De rechtbank overwoog dat de WOZ-waarde de waarde in het economisch verkeer vertegenwoordigt, en dat verweerder de bewijslast had om aan te tonen dat de vastgestelde waarde niet te hoog was. Verweerder had een taxatiematrix overgelegd ter onderbouwing van de vastgestelde waarde, waarin de waarde was bepaald aan de hand van vergelijkingen met referentiewoningen. De rechtbank oordeelde dat verweerder voldoende aannemelijk had gemaakt dat de WOZ-waarde niet te hoog was vastgesteld, en dat de door eiser aangedragen vergelijkingen niet opgingen vanwege verschillen in gebruiksoppervlak en kavelgrootte.

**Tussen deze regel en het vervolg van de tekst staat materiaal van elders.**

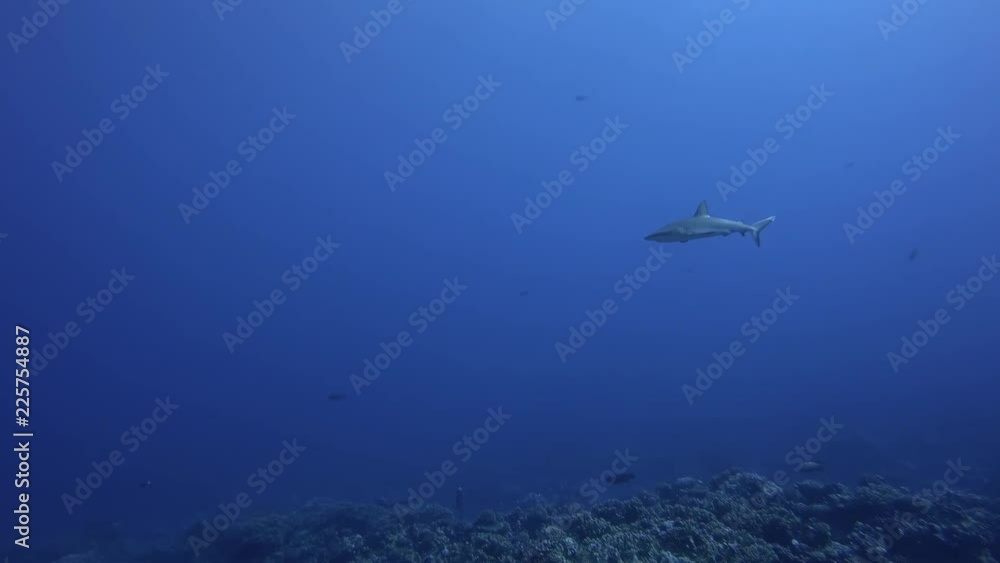 Sharks in sea, French Polynesia Sharks in sea, French Polynesia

Uiteindelijk verklaarde de rechtbank het beroep van eiser ongegrond, en er was geen aanleiding voor een proceskostenveroordeling. De uitspraak werd openbaar gemaakt op rechtspraak.nl en partijen werden geïnformeerd over de mogelijkheid om binnen zes weken hoger beroep in te stellen bij het gerechtshof Arnhem-Leeuwarden.